I would argue that Covid-19 was a gray swan. We probably could/should have known a global pandemic was a distinct possibility. Conversely, the economic shutdown was a great example of a black swan. Who would have predicted that America, land of the free and home of the brave, would mandate closings? I certainly wouldn’t have. 

So, we couldn’t control the economic shutdown. But by distinguishing between what we could and couldn’t control, we were able to shake off the molasses and move forward. 

Lean Into The Chaos

While we did make short-term adjustments to our office hours (although we never shut the office down completely), we all ended up doing more work during the heat of the pandemic than ever before. And we reaped rewards as a result. 

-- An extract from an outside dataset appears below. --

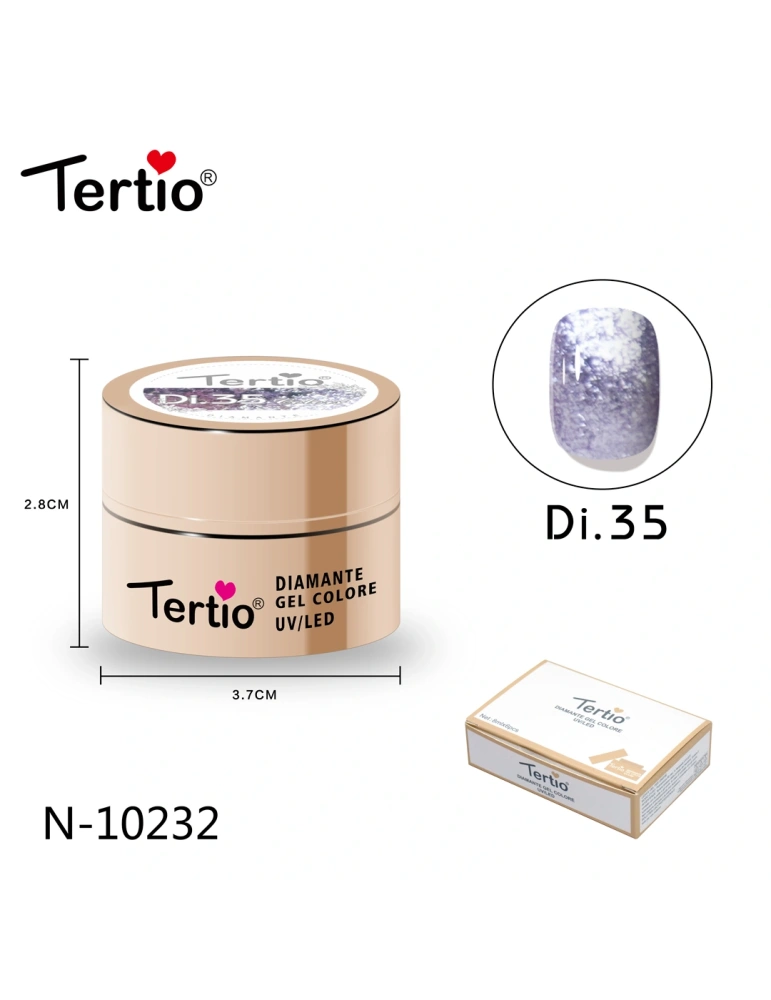 Gel Diamante Color Di.35 – Gel Semipermanente UV/LED con Efecto Diamante Brillante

That is something that often goes ignored about swans: When a big event happens (a bomb drops, the market crashes, a hurricane rolls in, a sector experiences exponential growth, etc.), everyone is affected equally. Good or bad, big events make waves. If you have the wherewithal to hang onto the raft, you might just find that there is more room once the storm has passed. 

Take Calculated Risks

Finally, you need to know when to take calculated risks. When the lockdown hit, we made a company-wide decision to double down. We actually built far more houses than in the spring, summer and fall of 2019, and the decision paid massive dividends. 

The key to taking risks is calculation. Every gray swan can be mitigated with enough forethought. 

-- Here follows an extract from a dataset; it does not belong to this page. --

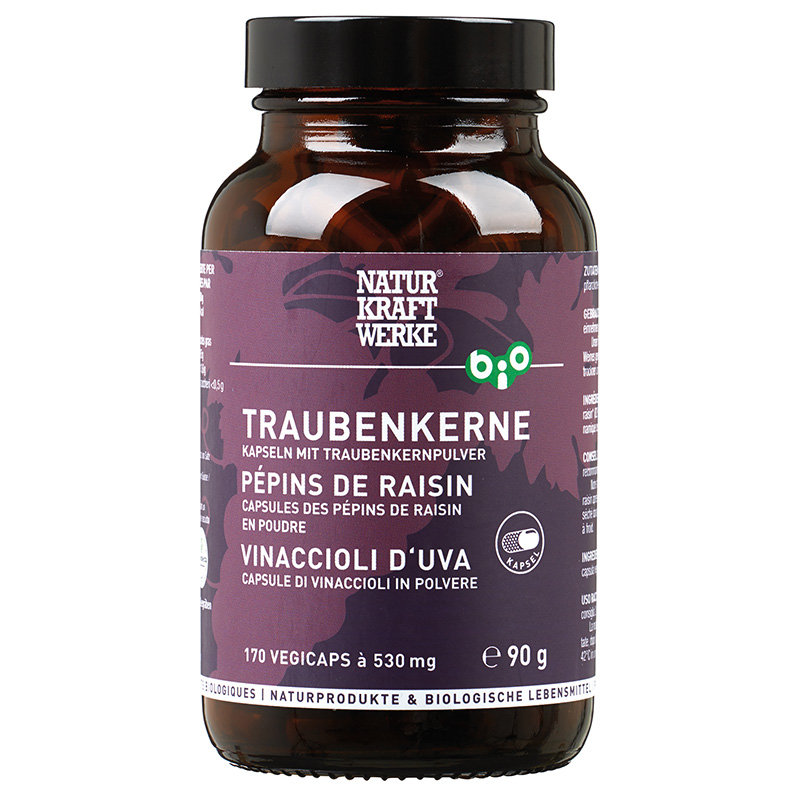 NATURKRAFTWERKE Pépins de raisin Vegicaps Bio 170 pièces NATURKRAFTWERKE Pépins de raisin Vegicaps Bio 170 pièces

For instance, lumber prices have been skyrocketing lately. This presents a sizable gray swan for builders. Some are struggling. But increased material costs and supply shortages are measurable elements — something that happens frequently, something that can be accounted for.

We had assurances on lumber during the summer of 2020 because we’d cultivated amicable relationships with local and national lumber suppliers. We knew we’d have the supply, so we moved forward with confidence. 

My point is that some events take you by complete surprise (black swans), but others can and should be prepared for (gray swans). As a business owner, you have to learn to prepare for the things you can change and accept the things you cannot.

It’s been said that the unthinkable is inevitable, but that the unlikely is merely inconvenient. Entrepreneurs, investors and CEOs must learn to tell the difference between the two.